_DATA SHOWN_

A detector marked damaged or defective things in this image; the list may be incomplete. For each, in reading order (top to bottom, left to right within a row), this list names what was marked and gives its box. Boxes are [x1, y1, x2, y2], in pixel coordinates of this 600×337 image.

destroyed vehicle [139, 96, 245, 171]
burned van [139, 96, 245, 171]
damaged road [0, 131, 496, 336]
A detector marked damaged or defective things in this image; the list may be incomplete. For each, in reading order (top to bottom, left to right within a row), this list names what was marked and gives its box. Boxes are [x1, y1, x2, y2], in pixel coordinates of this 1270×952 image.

---

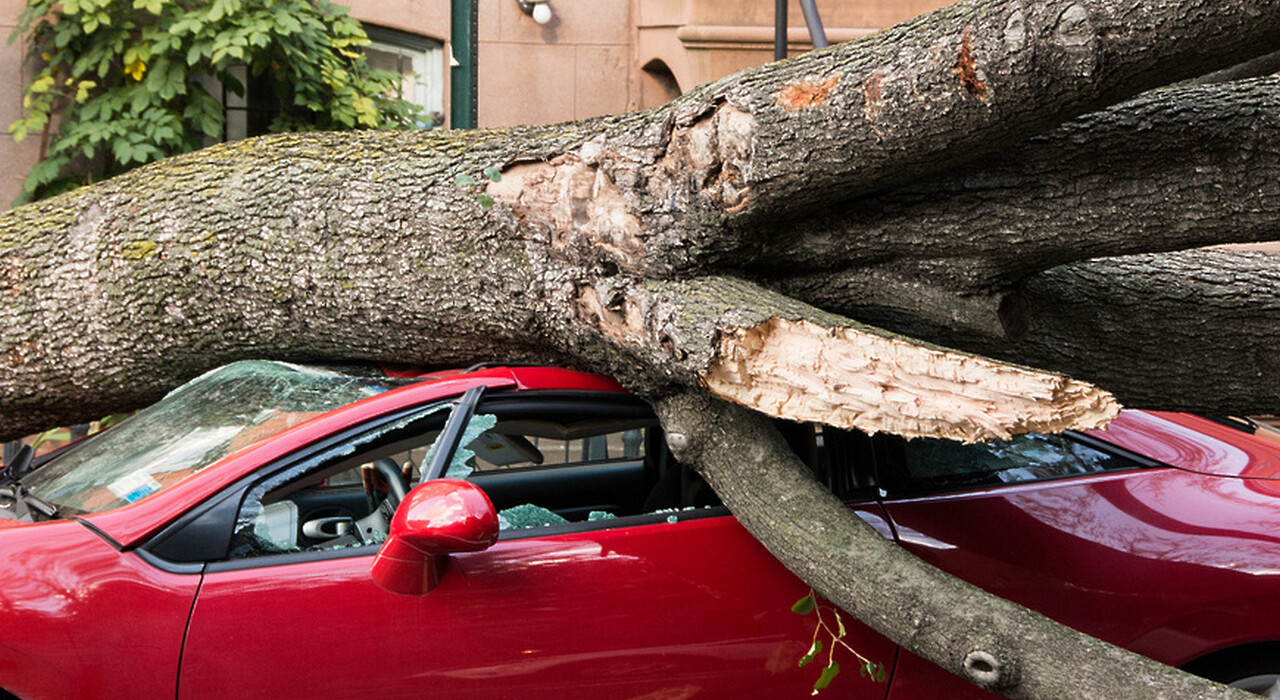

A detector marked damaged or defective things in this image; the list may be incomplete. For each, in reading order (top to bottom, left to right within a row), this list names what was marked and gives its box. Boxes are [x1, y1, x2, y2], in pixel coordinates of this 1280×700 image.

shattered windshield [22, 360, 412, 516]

_EXERCISE AIM_
Taking the entries above, write out exactly the lines starting with the line containing "this 600×337 image." and going on through the line containing "this 1270×952 image.", both included, and nothing else.

_ANSWER_
A detector marked damaged or defective things in this image; the list may be incomplete. For each, in reading order (top to bottom, left to right within a row), this list names what was marked and gives its box. Boxes are [x1, y1, x2, y2], in pixel coordinates of this 600×337 image.

destroyed vehicle [139, 96, 245, 171]
burned van [139, 96, 245, 171]
damaged road [0, 131, 496, 336]
A detector marked damaged or defective things in this image; the list may be incomplete. For each, in reading order (top to bottom, left to right within a row), this list names what was marked and gives its box. Boxes are [x1, y1, x2, y2], in pixel coordinates of this 1270×952 image.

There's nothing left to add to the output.